- Directed by: Ciarán Donnelly
- Written by: Simon Block
- Produced by: Roma Downey Mark Burnett Richard Bedser
- Starring: Juan Pablo Di Pace
- Production company: Lightworkers Media
- Distributed by: Metro-Goldwyn-Mayer Discovery+
- Release date: March 27, 2021;
- Running time: 96 minutes
- Country: United States
- Language: English

= Resurrection (2021 film) =

Resurrection is a 2021 American biblical drama film written by Simon Block, directed by Ciarán Donnelly and starring Juan Pablo Di Pace as Jesus.

==Cast==
- Juan Pablo Di Pace as Jesus
- Greta Scacchi as Mother Mary
- Richard Coyle as Caiaphas
- Joanne Whalley as Claudia
- Adam Levy as Peter
- Vincent Regan as Pontius Pilate
- Chipo Chung as Mary Magdalene
- Babou Ceesay as John

==Release==
The film premiered on Discovery+ on March 27, 2021.

==Reception==
Melissa Camacho of Common Sense Media awarded the film three stars out of five.

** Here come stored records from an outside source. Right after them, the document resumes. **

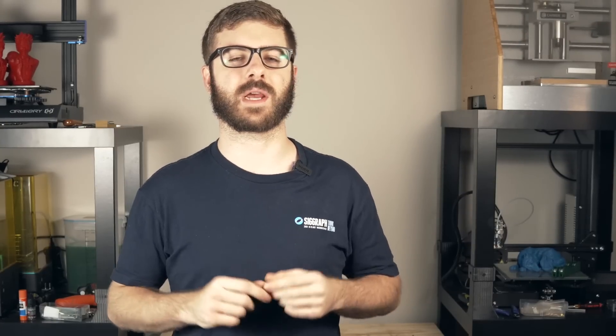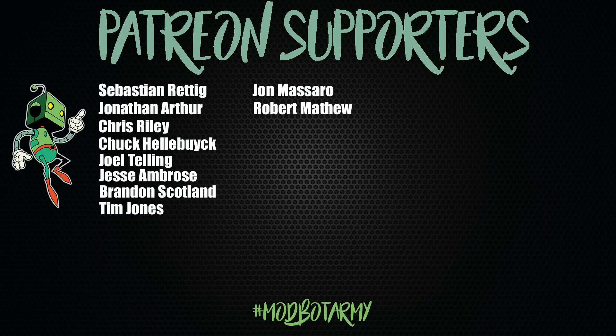Huge thank you to all of you — the channel is growing insanely and you guys are absolutely awesome. If you want to support the channel further, links to my Patreon are in the description where there are some really cool rewards. Huge thank you to all my current Patreon supporters for allowing me to spend more time doing what I love, which is making content for you guys. This has been Daniel from ModBot — I'm out. Peace guys.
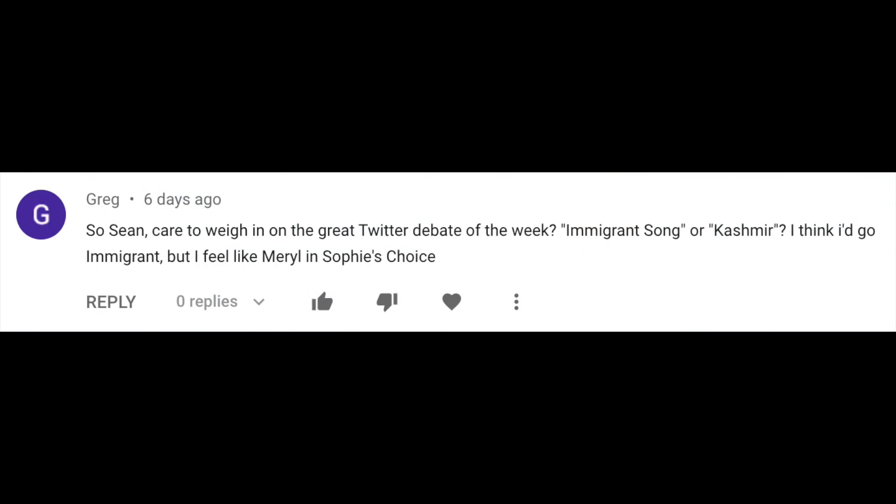Sean, care to weigh in on the great Twitter debate of the week — Immigrant Song or Kashmir? I think Immigrant Song, but it's like a Sophie's choice. Yeah, it's tough. From personal experience, my first year really getting into Zeppelin I would have said Immigrant Song, duh. My second year, with a more refined Zeppelin palette, I would have said Kashmir, duh. But in hindsight, with the totality of Zeppelin under my belt, I'm going Immigrant Song. There's something so raw and powerful about it — every time I hear it, I'm just like, yes. Kashmir is probably a more in-depth piece of music, but Immigrant Song is just so awesome. I'm on Team Immigrant Song if you're making me choose.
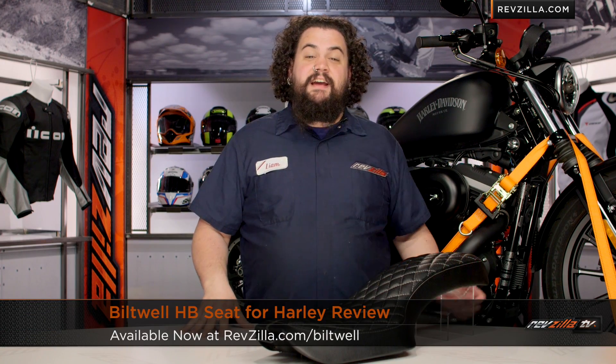Howdy! This is Lemmy from Revzilla TV here to drop a little science on you today about the Biltwell HB Seat for Sportster.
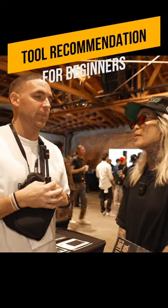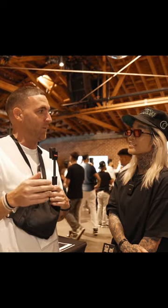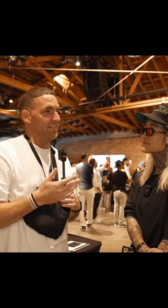If somebody was a beginner barber, what is your recommendation for a clipper and trimmer set? I'm a big fan of the low pro with the wedge blade. I think the wedge blade is the perfect blade to start with because it's not as thin as a fade blade, but it's more versatile than a taper blade. It doesn't get as hot.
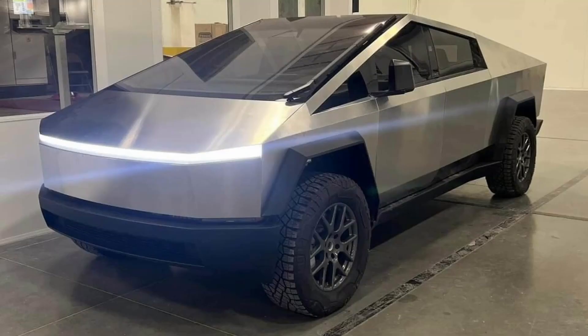We still don't know a whole lot about the all-new Cybertruck, but we have seen some leaks and some tweets from Elon, so let's take a look.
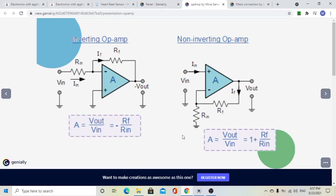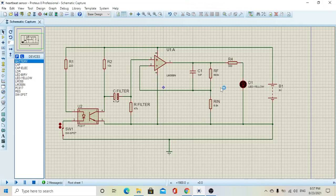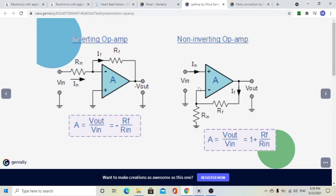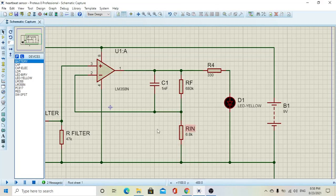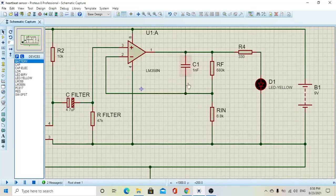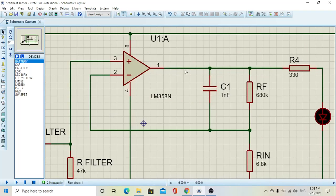We use the non-inverting configuration because we do not want to invert our signal — we want the signal to get high so we can see if the heart is beating or not. We have right here RF and RN. The RF is connected between the negative terminal of the operational amplifier and the output terminal. The RN is connected from the negative terminal of the operational amplifier to the ground, which is connected to the negative terminal of the battery. There is also a capacitor for filtering the signal coming out from the operational amplifier.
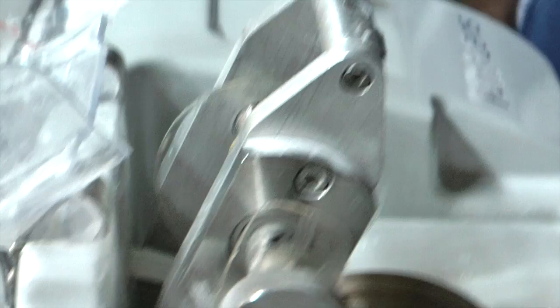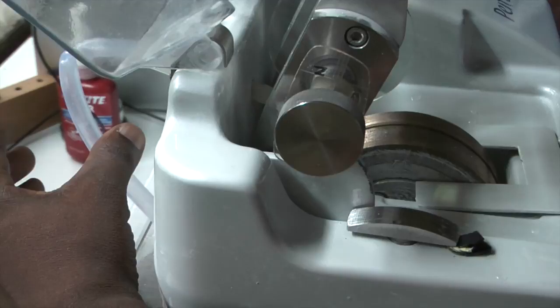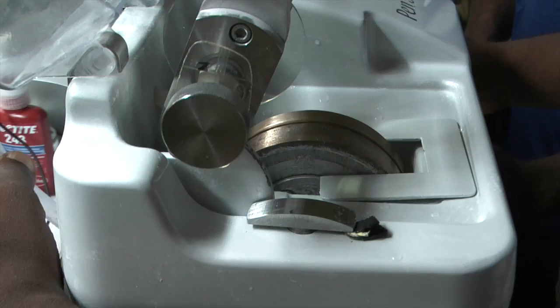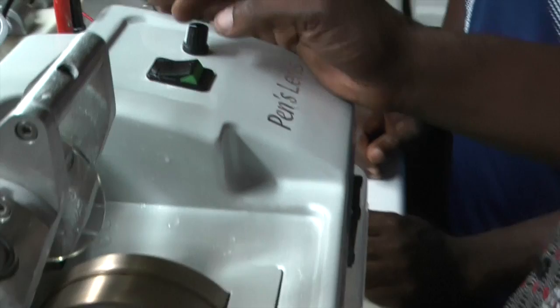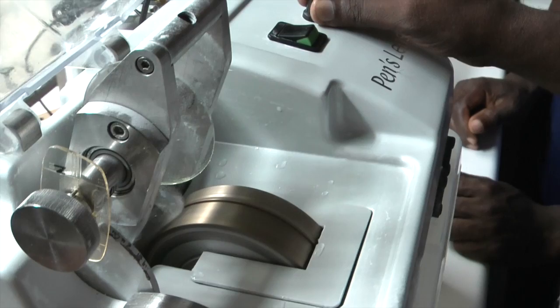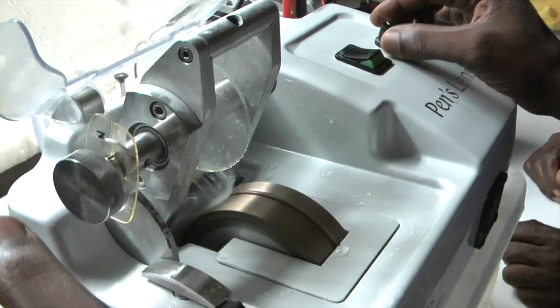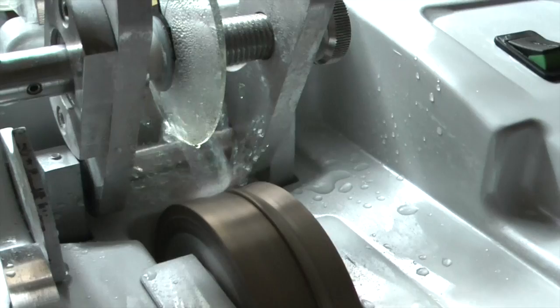We're now going to turn the machine on. With this machine we have to manually clamp the hose at the back - you don't have to do that when you first turn it on, you can leave it. Turn the machine on, then clamp it and use the water pressure. We have to clamp the pipe because if you don't you get a shower. You control the flow with your fingers and then reduce the amount of flow using that knob until you get the right amount of water, then we start to cut the lens.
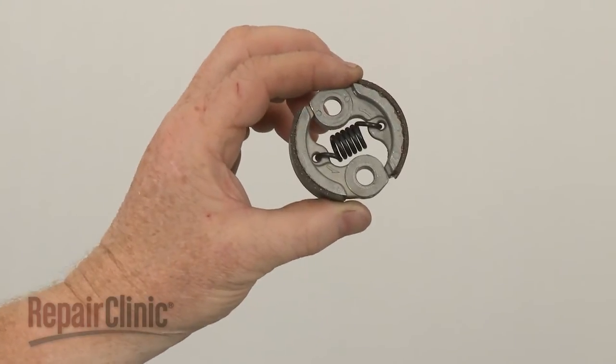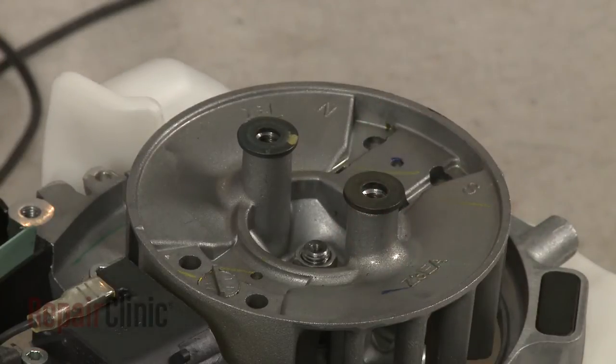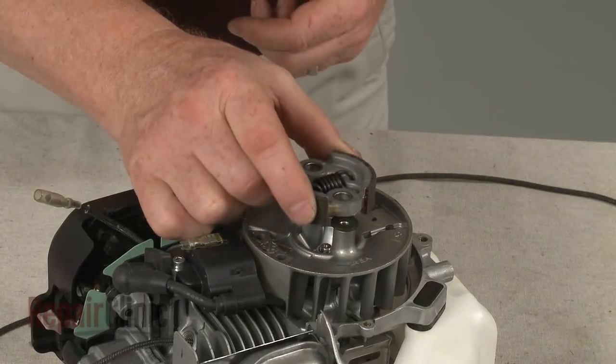You're now ready to install the new clutch. Confirm that the spacers are in place on the flywheel posts. Now position the new clutch.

Steven D. Greydanus of the National Catholic Register gave the film a negative review and wrote, “For me, Resurrection detracts more than it adds. Those who are content with a rehearsal of material they already know well and are willing to overlook substantial departures from the material may be edified. By my lights, that’s not enough.”